Centrale Raad van Beroep

Datum uitspraak
25 oktober 2022
Publicatiedatum
31 oktober 2022
Zaaknummer
21 / 441 PW-PV
Instantie
Centrale Raad van Beroep
Type
Uitspraak
Rechtsgebied
Bestuursrecht; Socialezekerheidsrecht
Procedures
  • Hoger beroep
Rechters
Vindplaatsen
  • Rechtspraak.nl
AI samenvatting door LexboostAutomatisch gegenereerd

Afwijzing aanvraag om bijstand wegens onduidelijke woon- en leefsituatie

In deze zaak heeft de Centrale Raad van Beroep op 25 oktober 2022 uitspraak gedaan in hoger beroep tegen de beslissing van de rechtbank Rotterdam van 22 december 2020. De appellant had op 10 december 2019 een aanvraag voor bijstand ingediend, maar deze werd afgewezen door het college van burgemeester en wethouders van Rotterdam. De afwijzing was gebaseerd op het feit dat de appellant onvoldoende informatie had verstrekt over zijn woon- en leefsituatie, waardoor het recht op bijstand niet kon worden vastgesteld. De rechtbank had het beroep van de appellant tegen deze afwijzing ongegrond verklaard.

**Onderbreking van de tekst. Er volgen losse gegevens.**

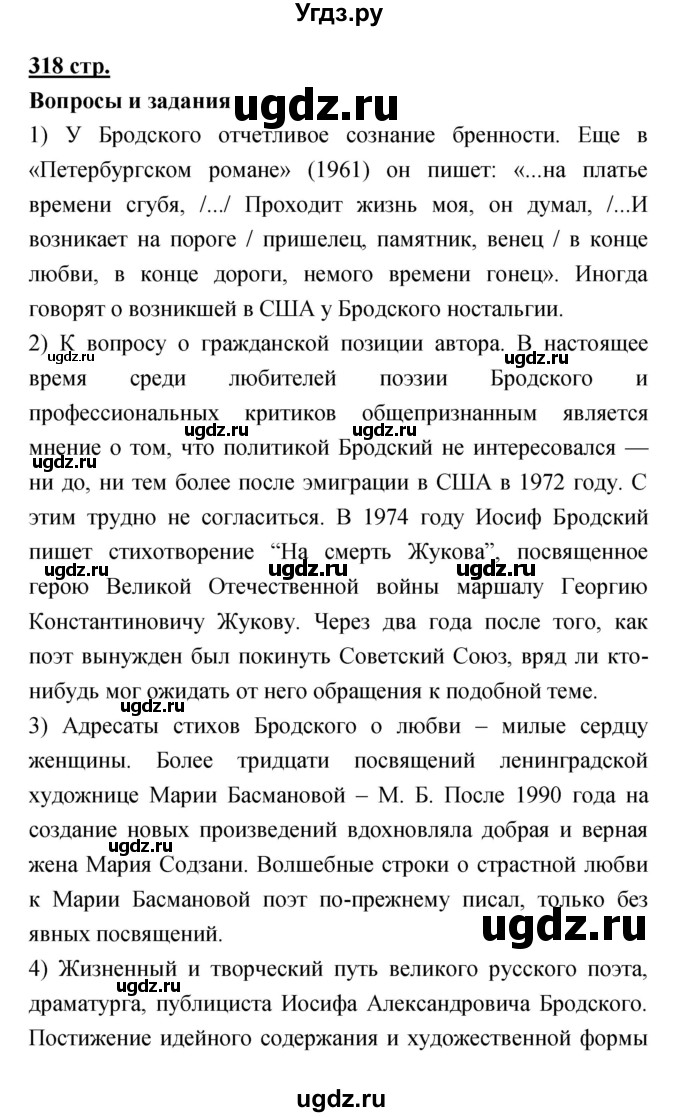 ГДЗ (Решебик) по литературе 11 класс Коровин 	В.И. / часть 2 / 318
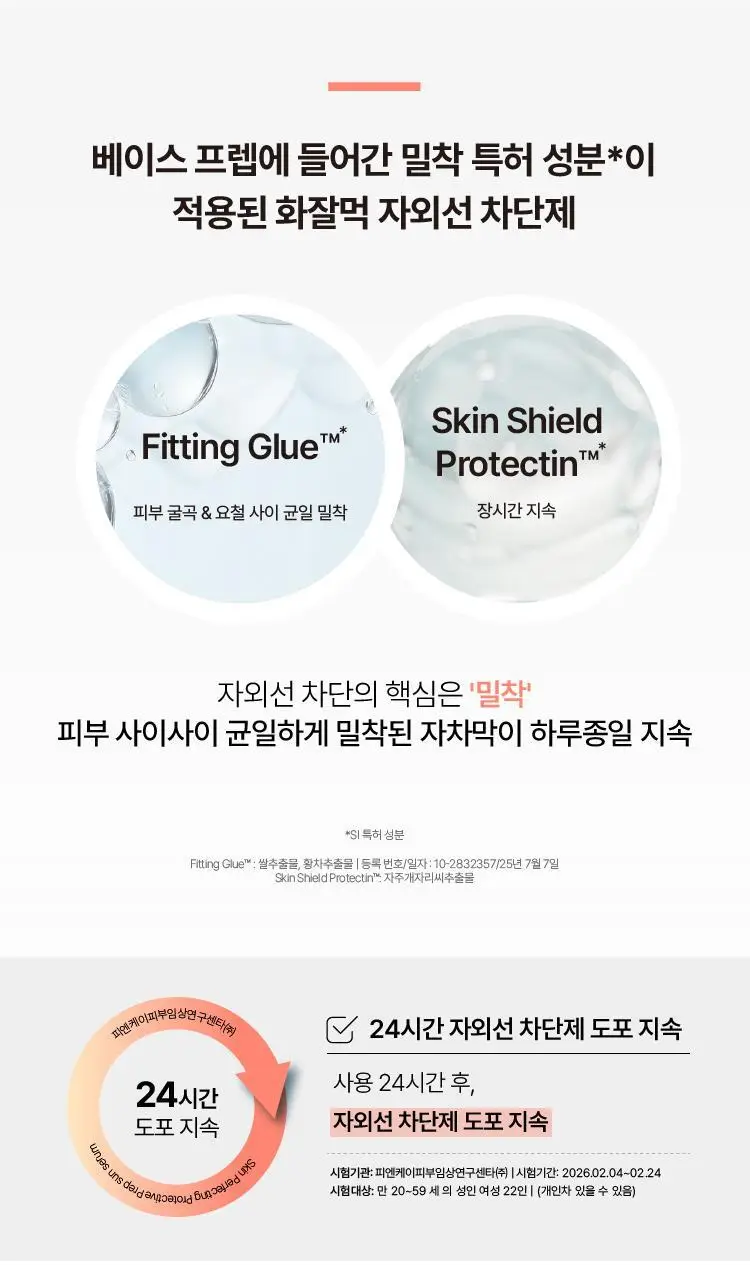 [NEW/화잘먹선] 연작 스킨 퍼펙팅 프렙 선 세럼 상세페이지 6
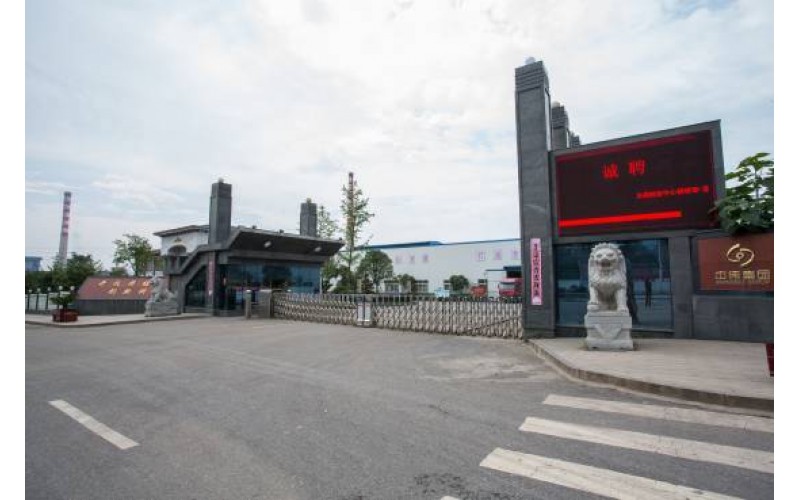 贵州中伟投资集团有限公司
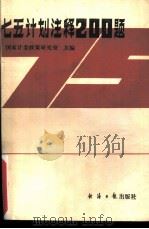 七五计划注释200题（1986 PDF版）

De Centrale Raad van Beroep bevestigde de uitspraak van de rechtbank. De Raad oordeelde dat de appellant, die in de beoordelingsperiode geen vaste woon- of verblijfplaats had, verplicht was om het door het college verstrekte formulier voor wisselende verblijfplaatsen in te vullen of op andere wijze aannemelijk te maken waar hij verbleef. De appellant had enkel verklaard dat hij bij vrienden verbleef, maar had geen verdere gegevens verstrekt. Hierdoor bleef zijn woon- en leefsituatie onduidelijk, wat leidde tot de conclusie dat het college het recht op bijstand niet kon vaststellen.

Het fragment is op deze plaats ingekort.